Tanguy Catlin on finding strategic focus in the AI era

The second edition of Rewired offers a practical blueprint for organizations with bold ambitions to unlock value from tech transformations. This series explores the six core capabilities for the Rewired recipe and the people who bring them to life.


Since the first edition of Rewired was published in 2023, the pace and potential of AI have accelerated dramatically, yet the recipe for transforming organizations has remained the same.

Drawing on insights from more than 200 enterprise-wide tech and AI transformations globally, the second edition of Rewired brings this recipe to life with real-world examples of companies that have achieved transformative results.

We spoke with Tanguy Catlin, a McKinsey senior partner and contributor to the book, about how leading companies are sharpening their tech strategies.

Choosing where to win with AI

For Tanguy, a key shift since the first edition of Rewired is how companies are embracing transformation with greater urgency. “The strategic importance of rewiring the organization through AI is greater today than when we first released the book,” he says. “It’s a topic whose relevance and importance have increased dramatically.”

At the same time, focus has become critical. While many organizations have pursued broad, enterprise-wide AI deployments, McKinsey has consistently advocated for a more targeted strategy—a point now reinforced by new data in Rewired showing that leading companies start their journeys with a focus on just one to three domains.

“Organizations are learning they can’t do everything,” Tanguy says. “They need to choose where to be truly distinctive—where AI will drive the greatest value—and go deep. To capture value, you have to redesign processes first and then enable them through technology.”

Tanguy’s perspective is shaped by decades of work at the intersection of strategy, technology, and operations. He began his career as an engineer at Procter & Gamble, building plants, managing supply chains, and developing products, including innovations still widely used today, such as water-soluble pouches for dishwashers and laundry. After earning an MBA from the Massachusetts Institute of Technology, he joined McKinsey’s Boston office and began working with insurance clients, an industry he has focused on ever since.

“I fell in love with the societal role of insurance,” he says. “It enables people to take risks and recover from setbacks, and it supports investment across the economy.”

Over the years, he has built deep, long-standing relationships with clients, often working with the same organizations for decades. “The ability to understand organizations really deeply, build trusted relationships with senior leaders, and help shape their agenda and raise their ambition for what’s possible—that’s my passion,” he says. “And increasingly, it’s about supporting the implementation of those ideas to deliver real impact.”

Today, he partners with financial-services organizations to drive analytics transformations, reinvent business models, and modernize core technology, while also advising insurance clients on topics ranging from strategy and organization design to culture and change management.

In his new role as a director of the McKinsey Global Institute, Tanguy is also helping shape research on the next era of technological and economic transformation. “What is of interest to me,” he says, “will be the impact that technology will have on geopolitics, on economic growth through productivity, and on the workforce.”

At the same time, he is exploring the core challenges that leaders face: “CEOs are trying to bring together a strategic lens, a technology lens, and a people lens,” he says.
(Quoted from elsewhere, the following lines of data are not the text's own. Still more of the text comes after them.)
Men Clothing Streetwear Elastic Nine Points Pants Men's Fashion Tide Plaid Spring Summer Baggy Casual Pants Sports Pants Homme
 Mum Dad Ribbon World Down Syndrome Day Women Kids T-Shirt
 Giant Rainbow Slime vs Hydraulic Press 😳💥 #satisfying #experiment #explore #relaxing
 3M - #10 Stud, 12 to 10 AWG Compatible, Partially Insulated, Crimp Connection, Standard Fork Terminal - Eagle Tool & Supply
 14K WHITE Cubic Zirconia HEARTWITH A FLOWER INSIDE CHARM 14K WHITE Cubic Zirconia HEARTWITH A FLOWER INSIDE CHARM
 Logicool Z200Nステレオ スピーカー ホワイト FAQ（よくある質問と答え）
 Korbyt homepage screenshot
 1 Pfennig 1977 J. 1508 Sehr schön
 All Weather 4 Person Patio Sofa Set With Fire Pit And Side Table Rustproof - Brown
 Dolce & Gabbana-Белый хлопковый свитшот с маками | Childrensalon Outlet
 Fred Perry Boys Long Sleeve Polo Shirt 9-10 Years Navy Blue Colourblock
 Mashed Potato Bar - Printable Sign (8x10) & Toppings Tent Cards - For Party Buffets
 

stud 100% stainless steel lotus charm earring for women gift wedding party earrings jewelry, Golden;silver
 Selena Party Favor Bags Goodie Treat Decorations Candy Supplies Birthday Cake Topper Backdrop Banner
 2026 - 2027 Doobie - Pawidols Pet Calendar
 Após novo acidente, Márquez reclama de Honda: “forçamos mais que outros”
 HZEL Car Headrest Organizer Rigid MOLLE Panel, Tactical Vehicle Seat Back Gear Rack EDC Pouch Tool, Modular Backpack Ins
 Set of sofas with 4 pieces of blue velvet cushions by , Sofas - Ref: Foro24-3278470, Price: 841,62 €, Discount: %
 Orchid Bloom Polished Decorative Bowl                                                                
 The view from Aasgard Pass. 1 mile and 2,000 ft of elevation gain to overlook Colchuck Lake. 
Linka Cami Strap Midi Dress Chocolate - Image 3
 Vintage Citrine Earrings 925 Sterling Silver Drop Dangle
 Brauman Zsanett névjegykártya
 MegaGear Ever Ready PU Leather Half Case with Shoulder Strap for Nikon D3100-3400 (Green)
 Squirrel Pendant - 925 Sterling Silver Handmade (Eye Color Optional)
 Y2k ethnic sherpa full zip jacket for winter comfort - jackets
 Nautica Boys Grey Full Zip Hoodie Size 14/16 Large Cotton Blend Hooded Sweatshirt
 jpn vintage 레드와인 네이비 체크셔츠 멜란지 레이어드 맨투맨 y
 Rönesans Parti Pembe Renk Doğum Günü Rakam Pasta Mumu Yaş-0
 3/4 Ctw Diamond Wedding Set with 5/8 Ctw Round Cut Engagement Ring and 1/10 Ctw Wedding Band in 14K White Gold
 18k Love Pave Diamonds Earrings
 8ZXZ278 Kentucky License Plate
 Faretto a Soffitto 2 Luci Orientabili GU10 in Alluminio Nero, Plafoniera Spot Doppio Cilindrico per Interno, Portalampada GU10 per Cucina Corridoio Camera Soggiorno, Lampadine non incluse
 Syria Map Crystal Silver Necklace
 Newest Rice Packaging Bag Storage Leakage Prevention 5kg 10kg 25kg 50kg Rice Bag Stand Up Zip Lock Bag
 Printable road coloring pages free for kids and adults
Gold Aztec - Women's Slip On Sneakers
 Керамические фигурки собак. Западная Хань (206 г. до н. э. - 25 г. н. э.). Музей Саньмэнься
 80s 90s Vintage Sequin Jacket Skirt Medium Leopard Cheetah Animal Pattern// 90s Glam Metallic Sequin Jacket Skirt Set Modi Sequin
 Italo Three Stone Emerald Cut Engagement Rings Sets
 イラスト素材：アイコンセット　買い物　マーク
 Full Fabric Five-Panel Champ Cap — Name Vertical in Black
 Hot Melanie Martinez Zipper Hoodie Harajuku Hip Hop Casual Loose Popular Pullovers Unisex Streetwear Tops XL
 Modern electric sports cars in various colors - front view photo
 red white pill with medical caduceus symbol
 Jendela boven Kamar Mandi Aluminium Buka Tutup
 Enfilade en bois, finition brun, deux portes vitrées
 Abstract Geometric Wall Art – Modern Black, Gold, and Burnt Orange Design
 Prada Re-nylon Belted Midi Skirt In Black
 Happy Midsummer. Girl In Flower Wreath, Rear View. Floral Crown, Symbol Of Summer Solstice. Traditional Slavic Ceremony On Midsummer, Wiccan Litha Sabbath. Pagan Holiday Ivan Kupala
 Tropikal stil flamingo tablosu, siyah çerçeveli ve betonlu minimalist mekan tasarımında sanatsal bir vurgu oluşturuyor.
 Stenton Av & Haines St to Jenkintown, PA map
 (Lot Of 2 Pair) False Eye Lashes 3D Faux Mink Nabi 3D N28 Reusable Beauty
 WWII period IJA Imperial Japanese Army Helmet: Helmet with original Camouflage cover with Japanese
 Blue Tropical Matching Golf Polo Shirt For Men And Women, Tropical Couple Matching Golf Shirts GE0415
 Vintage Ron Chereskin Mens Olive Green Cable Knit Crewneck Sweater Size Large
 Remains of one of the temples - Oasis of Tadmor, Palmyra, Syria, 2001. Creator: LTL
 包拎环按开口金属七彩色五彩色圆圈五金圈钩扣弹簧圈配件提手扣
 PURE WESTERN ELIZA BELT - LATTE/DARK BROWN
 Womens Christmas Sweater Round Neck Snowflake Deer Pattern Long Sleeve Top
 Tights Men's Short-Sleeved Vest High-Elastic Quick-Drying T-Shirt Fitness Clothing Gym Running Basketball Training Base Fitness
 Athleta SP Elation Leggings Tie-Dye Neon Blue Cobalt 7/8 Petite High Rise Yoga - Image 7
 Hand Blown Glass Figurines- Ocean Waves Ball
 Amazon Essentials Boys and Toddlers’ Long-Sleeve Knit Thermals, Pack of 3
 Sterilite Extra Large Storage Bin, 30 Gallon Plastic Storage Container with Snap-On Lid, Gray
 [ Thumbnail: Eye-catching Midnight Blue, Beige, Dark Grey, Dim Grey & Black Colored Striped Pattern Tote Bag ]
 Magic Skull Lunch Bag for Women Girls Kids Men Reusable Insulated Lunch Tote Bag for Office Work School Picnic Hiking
The strategic lens focuses on how AI will reshape industries and competition, the technology lens on key investment and build-versus-buy decisions, and the people lens on preparing the workforce to adopt new ways of working. “And they’re all moving at the same time.”

Yet for Tanguy, the strategic mandate for companies is clear: “The organizations that succeed will be the ones that are most adaptable, make smart choices about where to play, and then bring their leadership teams and their people along to actually deliver that change,” he says.

Ultimately, while strategy and technology are essential, the real challenge lies in execution. “Change management is the hardest part,” he says. “It’s about going beyond the technical components to truly align the organization and make the transformation stick.”